§ Material for this task:
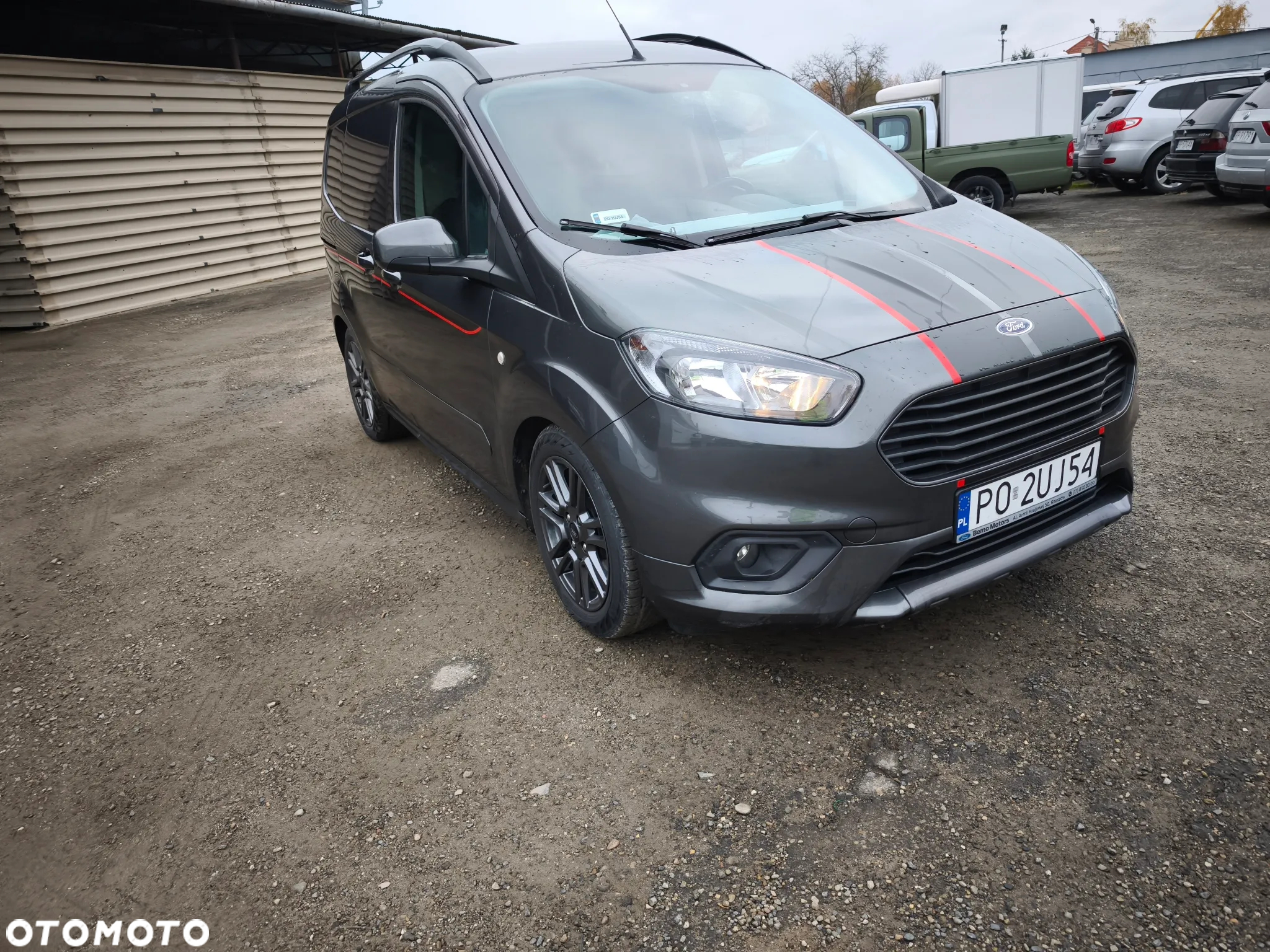 Ford TRANSIT COURIER SPORT - 3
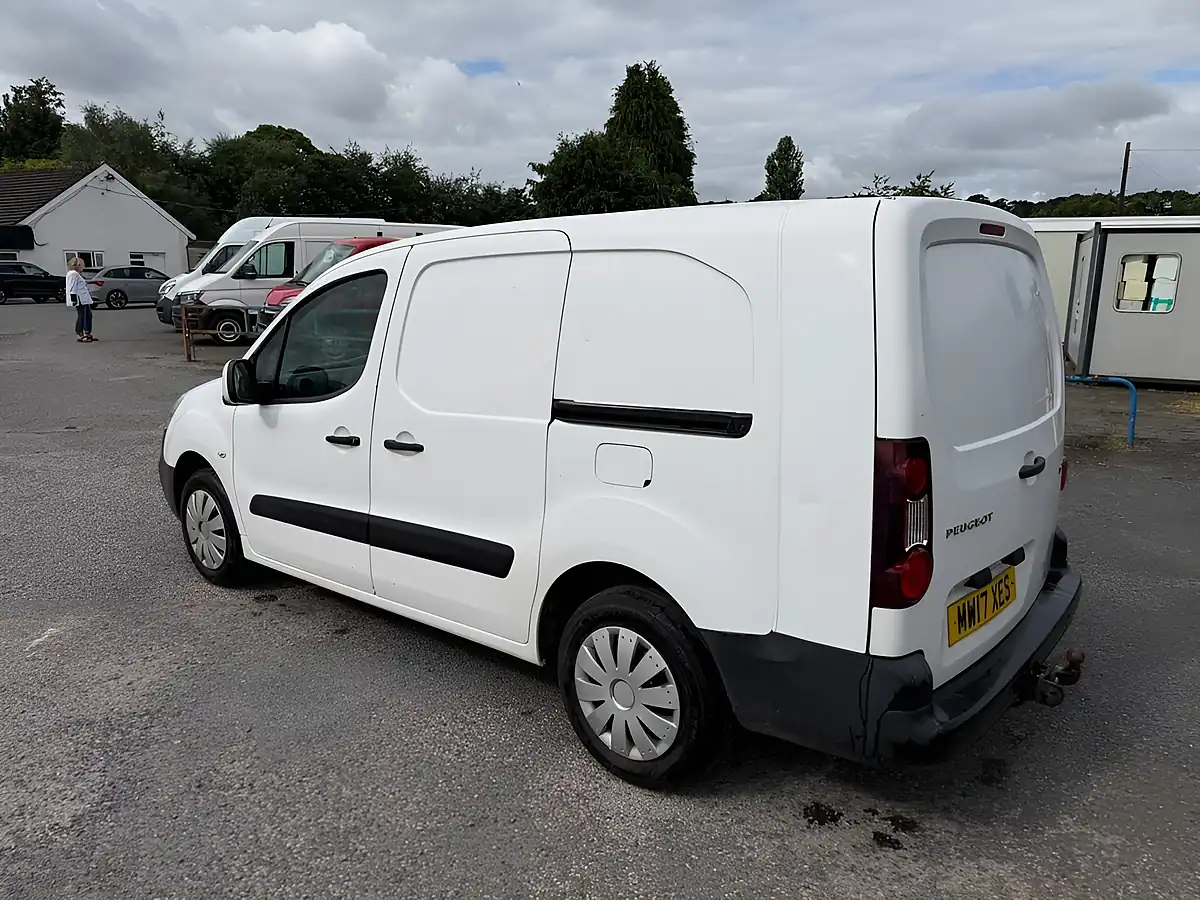 Used 2017 Peugeot Partner S White - Interior and Exterior details 7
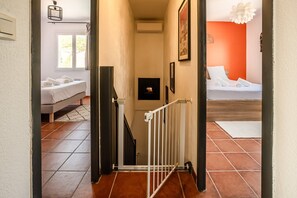 4 bedrooms, iron/ironing board, internet, bed sheets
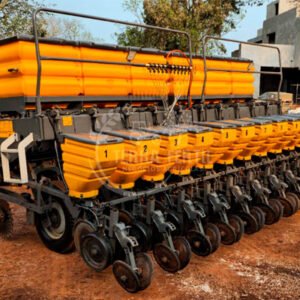 Plantadeira Valtra BP 1106L 2015 Usada 11 Linhas Mecânica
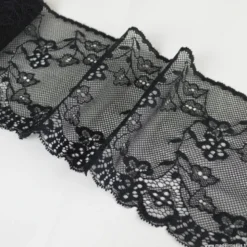 Tissu bande Galon dentelle lycra noir 10,8 cm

§ Task statement: Copy all of the records verbatim, omitting the pictures.

§ Expected answer:
 Ford TRANSIT COURIER SPORT - 3
 Used 2017 Peugeot Partner S White - Interior and Exterior details 7
 4 bedrooms, iron/ironing board, internet, bed sheets
 Plantadeira Valtra BP 1106L 2015 Usada 11 Linhas Mecânica
 Tissu bande Galon dentelle lycra noir 10,8 cm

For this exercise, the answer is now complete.